The issue is that North Korea is excessively paranoid and irrational. So it can't even undertake sensible reforms or outside interactions, and no one trusts them. That keeps North Koreans poor. Craziness as strategy is a bad strategy for national development.
In comparison, the Chinese government has been far more rational and demonstrated far more competance in raising wages and living standards. Comprehensive long term domestic development is actually the same goal in terms of government legitimatcy, government survival and wealth for all.
Oh I agree with that. Craziness is definitely not good for national development and can be considered paranoid. Lets be real though: every government is paranoid. However, I'm firmly against the idea of them being irrational. In my opinion, North Korean government has to consider several variables that even I as an ordinary citizen can think of:
1. South Korea can exploit the hypothetical reformation process to overthrow them. One can argue that China faced the same situation for Taiwan. While China was placed in a scenario like that for a while, Taiwan ultimately either never had any ambitions to reunify or was restricted from attempting to reunify. South Korea does though to this day. A color revolution may never occur like you said, but a North Korean reformation can create cracks like disgruntled officials, stalls in the reformation process and other unforeseen variables that an enemy nation can exploit.
2. Who would support them and provide a safe space for them to reform? The Russians are too poor despite what their ultranationalists claim. The Chinese can't force even South Korea to bend to its will (until recently, but even that's unclear).

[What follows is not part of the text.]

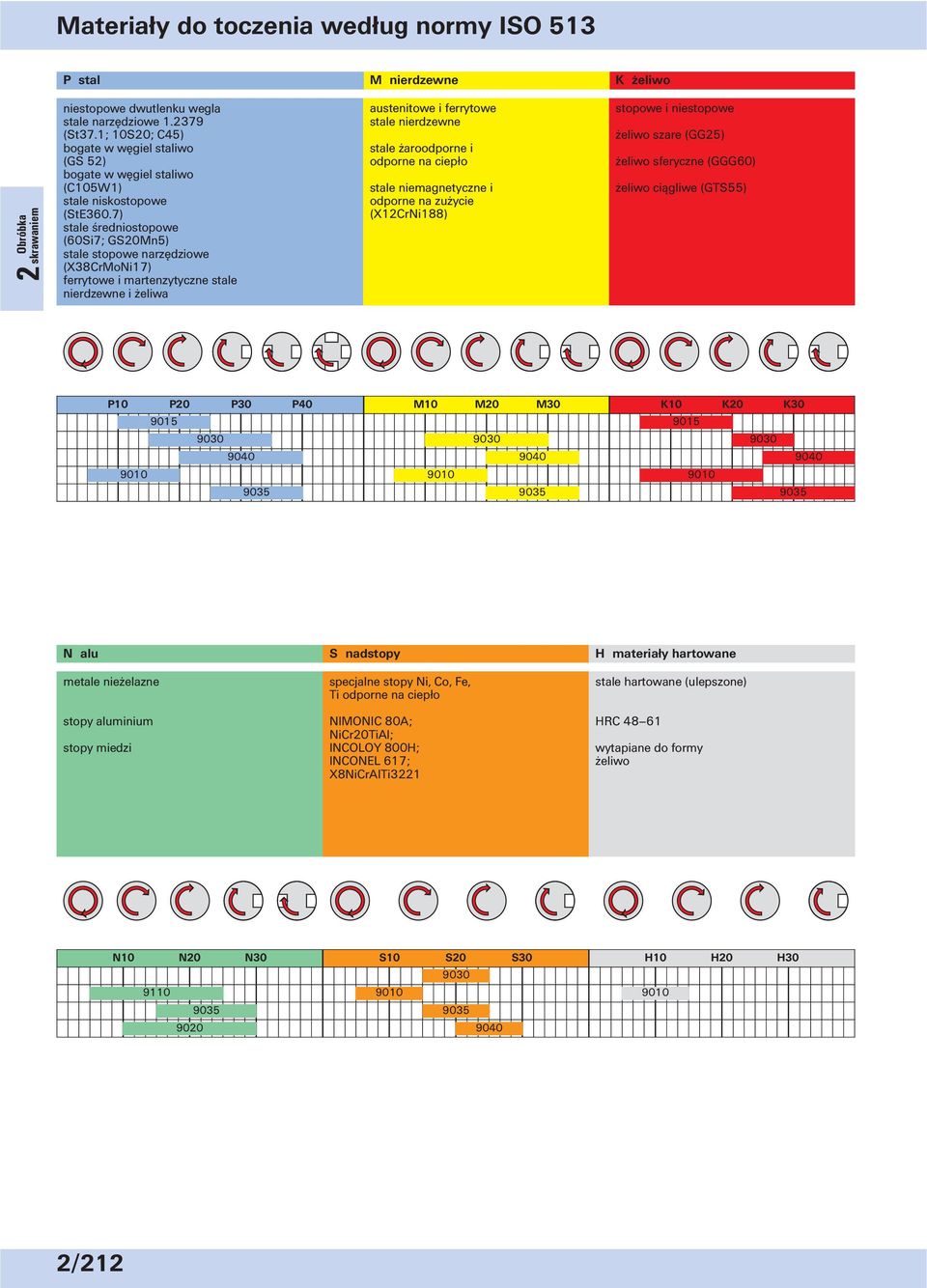 7) stale średniostopowe (60Si7; GS20Mn5) stale stopowe narzędziowe (X38CrMoNi17) ferrytowe i martenzytyczne stale nierdzewne i żeliwa austenitowe i ferrytowe stale nierdzewne stale żaroodporne i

Sure, both of those nations covertly supported North Korea despite it being sanctioned, but that's not enough to provide a safe space to perform massive reforms. While China faced an even more dire situation in the 80's and early 90's, the Chinese had a couple of advantages the North Koreans didn't have: the US's need for China's pressure on the USSR and the sudden changes in the Middle East. North Korea has none of that.
3. North Korea has neither the historical clout nor the size to shrug off any attempts to destabilize it. China's size and the US's trauma from the Korean War protected China from any attempts for a successful Taiwan independence or reunification.
All of the above cast doubt on a successful North Korean reformation. Its easy for us to say "Just reform bro", but if you look at China's reformation process, it wasn't a walk in the park either and was, as a matter of fact, dangerous and difficult. In short, North Korea cannot reform as of now. Craziness is the only strategy they got.